Most novels have a hero. The protagonist is one of the main elements of any story. The Existentialist hero and the Science Fiction hero each have unique struggles. One thing that they both share is alienation. In Existentialism, the protagonist may face conflicts with morality, religion, or identity. These conflicts create a separation between the protagonist and society. Following the existential path always leads to individualism and self governance. The Science Fiction hero has a slightly different conflict. In most cases the protagonist is responsible for saving humanity. They inherit this responsibility because they have been given some power or a unique ability.
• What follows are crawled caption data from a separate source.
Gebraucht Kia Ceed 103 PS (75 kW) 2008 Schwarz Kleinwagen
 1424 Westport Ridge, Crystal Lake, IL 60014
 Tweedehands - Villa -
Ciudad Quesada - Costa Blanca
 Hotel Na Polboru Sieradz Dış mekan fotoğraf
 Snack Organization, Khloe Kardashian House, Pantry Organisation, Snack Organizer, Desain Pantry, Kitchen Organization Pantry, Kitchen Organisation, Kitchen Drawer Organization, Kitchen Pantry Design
The Science Fiction protagonist is the only one capable of saving humanity and if they fail or turn down their mission, humanity will cease to exist. This great deal of pressure creates the ultimate form of alienation. There is one distinct difference between the Existential protagonist’s alienation and the Science Fiction protagonist’s alienation. The Existential alienation results in betterment of the individual. The Science Fiction alienation results in the betterment of humanity. 

The mood and setting of a story is important to the overall plot and message the story conveys. Both Existentialist and Science Fiction literature have very dark and hopeless moods. In both genres, the dark vibes given off by the novels are misunderstood. In Existentialism, life can be given meaning through productive actions. This view should be seen positive because you are returning control to the individual and returning the hope that didn’t exist while giving hope to the divine power. Science Fiction is seen as grim because of the way it portrays technology and the future of humanity. Like Existentialism, Science Fiction offers a way to remedy the dismal future of humanity. Personal responsibility and self control are the answers for both Science Fiction and Existentialism. 

Existentialism and Science Fiction share many themes and styles. Both genres became popular as a response to social crisis. The need for guidance drives both forms of literature. Existentialism provides answers for those people looking for guidance on separating from a divine power and taking control of their actions. Science Fiction provides answers for controlling technology and using it for the good and not the evil. Alienation is present for both Science Fiction and Existentialism. Isolation gives the protagonists a chance to evaluate their circumstances on an individual level so that they can make the most sound choice. Choices are continuously being made, even after the completion of the novel. The choice usually involves guilt and innocence or salvation and distraction. Both genres aim to teach a lesson through writing, and ultimately save humanity.